お酒は単なる飲み物ではなく、文化と歴史、そして人々の物語を運ぶ媒体です。白酒の強烈な個性も、紹興酒の深い熟成感も、クラフトビールの革新的な味わいも、すべてが中国という国の多様性と奥深さを物語っています。

中国のお酒を楽しむメリット

  • 数千年の歴史と文化を味わえる
  • 料理との相性が抜群で食事が豊かになる
  • ビジネスシーンでの話題作りに役立つ
  • 多様な種類があり飽きることがない

注意すべき点

  • 白酒はアルコール度数が非常に高い
  • 日本では入手困難な銘柄も多い
  • 偽物や粗悪品に注意が必要
  • 乾杯文化への対応が必要な場面がある

まとめ──中国のお酒は旅そのものだ

中国のお酒の世界は、まさに壮大な旅のようです。

白酒の強烈な個性、紹興酒の時間が生み出す深み、黄酒の地域性、そしてクラフトビールが示す新しい可能性──これらすべてが、中国という国の多様性と奥深さを物語っています。

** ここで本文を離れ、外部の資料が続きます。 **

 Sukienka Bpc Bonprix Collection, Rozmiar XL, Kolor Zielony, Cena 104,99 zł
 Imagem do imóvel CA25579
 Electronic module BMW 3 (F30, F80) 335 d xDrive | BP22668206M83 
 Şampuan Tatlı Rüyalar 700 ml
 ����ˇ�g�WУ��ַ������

バーテンダーとして日々お客様に中国のお酒を提供する中で感じるのは、一杯のお酒が持つ物語の豊かさです。茅台酒を初めて口にしたお客様の驚きの表情、20年物の紹興酒に感動する瞬間、中国クラフトビールの意外性に笑顔がこぼれる様子──これらの体験は、単なる飲酒を超えた文化交流となっています。

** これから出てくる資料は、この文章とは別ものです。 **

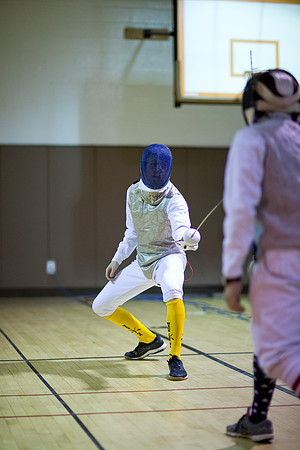 fencing_2019-01-10_mkras_0056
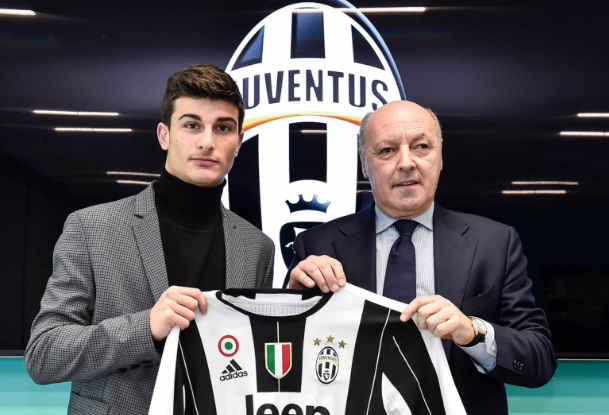 锋线补强动 锋线补强动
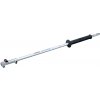 Makita Makita nástavec motorové jednotky - prodloužení 100 cm 191E24-8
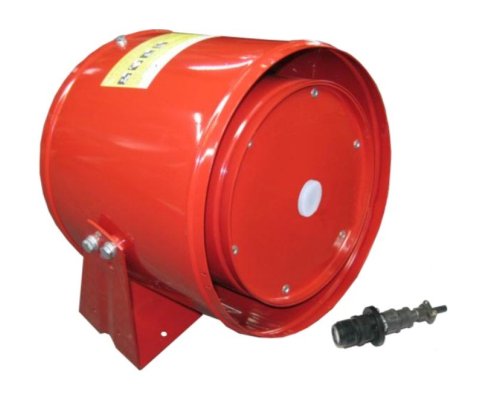 ТОР-1500
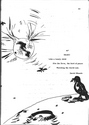 LiterarySafari1972_EndofTheWorld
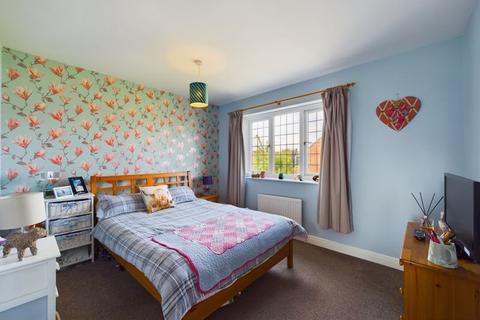 38 Ashdene Close, Willerby, Hull, HU10 6LW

まずは身近な紹興酒から始めてみてください。そして少しずつ白酒の世界へと足を踏み入れ、クラフトビールの革新性も楽しんでみてください。いつかは現地で、本場の乾杯文化を体験する日が来ることを願っています。その一杯が、きっと忘れられない旅の記憶になるはずです。

よくある質問

Q.白酒と焼酎の違いは何ですか?

A.白酒は固体発酵という独特の製法で造られ、アルコール度数が38〜60度と非常に高いのが特徴です。一方、焼酎は液体発酵で造られ、通常25〜35度程度です。また、白酒は高粱を主原料とし、独特の香りがありますが、焼酎は芋や麦、米など多様な原料を使用し、比較的マイルドな味わいです。

Q.紹興酒は必ず温めて飲むべきですか?

A.必ずしも温める必要はありません。3〜5年物の若い紹興酒は温燗にすることで味がまろやかになりますが、10年以上熟成した上質なものは常温で飲むことで複雑な香りを楽しめます。夏場はロックスタイルも人気があり、現地では梅干しや氷砂糖を加えて飲むこともあります。

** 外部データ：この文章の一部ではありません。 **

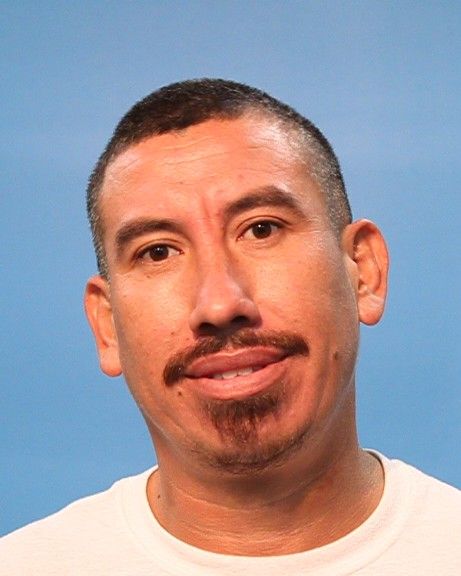 VALDEZ, ARMANDO GAMBOA arrest record in Brazoria County, Texas VALDEZ, ARMANDO GAMBOA arrested in Brazoria County, Texas mugshot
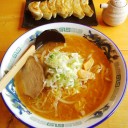2014年8月21日（木）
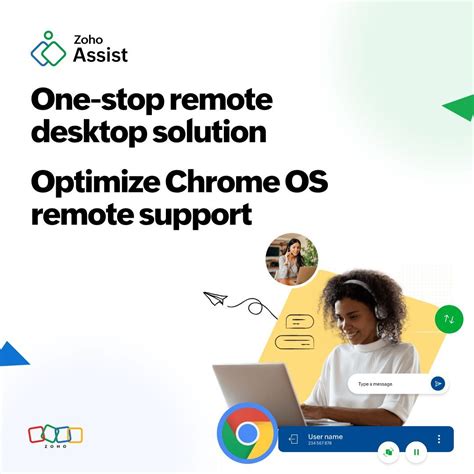 Chrome Device Sessions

Q.中国のビジネスディナーで乾杯を断るのは失礼ですか?

A.完全に断るのは避けた方が良いですが、「随意(スイイー)」や「少喝(シャオハー)」という言葉を使って、自分のペースで飲むことは可能です。体調不良や薬を服用している場合は、お茶で乾杯することも認められています。重要なのは相手への敬意を示すことで、グラスを持ち上げる仕草だけでも参加の意思表示になります。

Q.日本で本格的な中国のお酒はどこで買えますか?

A.中華街の専門店や大手酒販店の輸入酒コーナーで購入できます。紹興酒は比較的入手しやすいですが、高級白酒は中国系の輸入業者や専門店での取り扱いが中心です。最近はオンラインショップも充実しており、茅台酒や五粮液などの有名ブランドも購入可能です。ただし、偽物も出回っているため、信頼できる店舗での購入をおすすめします。

Q.中国クラフトビールの特徴は何ですか?

A.中国クラフトビールの最大の特徴は、中国独自の食材を使用した革新的なレシピです。プーアル茶、ライチ、花椒などを使用したビールは他国では味わえません。また、四川料理や広東料理など、地域の食文化に合わせて開発されたペアリング重視のビールも多く、2010年代以降、年率20%以上で市場が成長している注目分野です。